China Investment Corp.’s head of infrastructure investment is leaving, adding to the talent loss at the $1.4 trillion sovereign wealth fund, according to people familiar with the matter.
Managing director Mi Tao resigned recently to pursue other career opportunities, the people said, requesting not to be named because the matter is private. CIC and Mi declined to comment.
The 13-year veteran joins more than 20 team leaders and managing directors who have left the Beijing-based fund in recent years, an exodus that prompted the firm to step up senior-level hiring since 2020. Some departures also follow the fund’s move to fold CIC Capital — a unit which oversees billions of dollars in private equity and infrastructure investments — into its main operations last year.
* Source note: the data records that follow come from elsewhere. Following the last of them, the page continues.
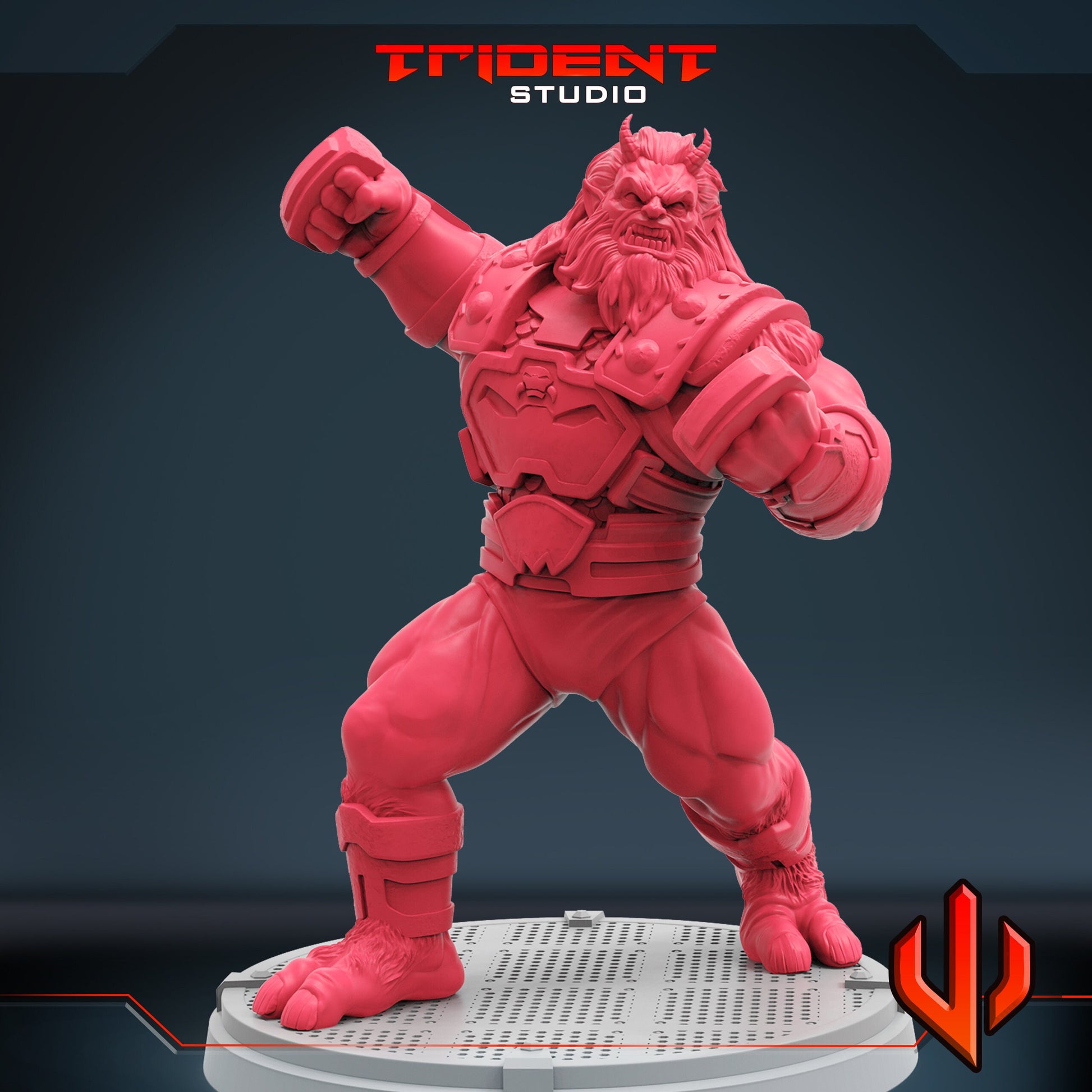 Ulik (Fan art sculpted by Trident Studio) (Crisis Protocol Proxy/Alternative)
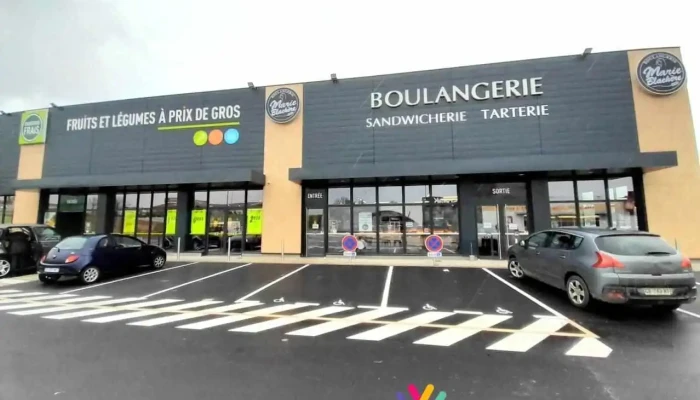 Marie Blachere Boulangerie Sandwicherie Tarterie Tout - Bellac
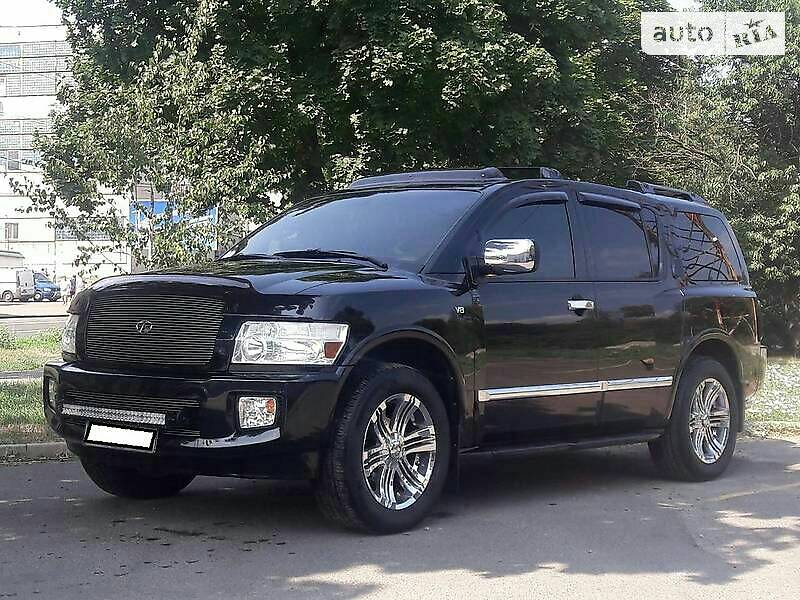 Внедорожник / Кроссовер Infiniti QX56 2005 в Одессе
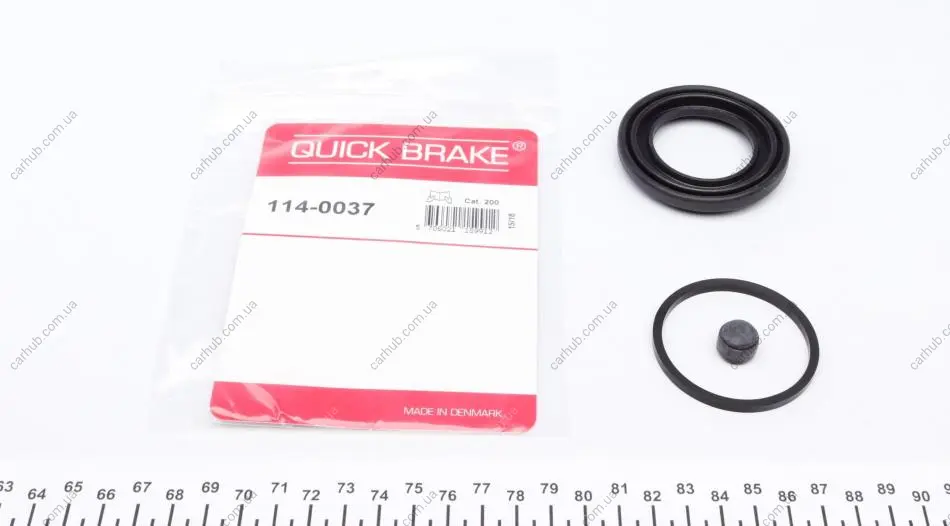 Ремкомплект супорта (заднього) Land Rover Discovery/Range Rover 02-12 (d=45mm) QUICK BRAKE 114-0037 (фото 1)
Mi, who joined in July 2010, “built CIC’s infrastructure investment platform through fund investment, co-investment, and direct investment,” according to his LinkedIn profile. He also “led multi-billion dollar infrastructure investments” ranging from regulated utilities and renewable energy to transportation sectors.
He previously advised private equity and corporate buyers in cross-border M&A transactions at Ernst & Young, after two years in investment banking services at SC Capital Partners LLC, according to the profile.
Other CIC Capital departures include former Executive Vice President Zhang Qing, who left in early 2019, and Winston Ma Wenyan, managing director and former head of the Toronto office who quit in 2018. After the unit was re-aligned, two team leaders in charge of infrastructure and technology investments left last year.
The company made some progress in replenishing its senior talent pool. It hired former Point72 Asset Management veteran Jane Zhao to lead its proprietary quantitative stocks investment team, Bloomberg reported in August.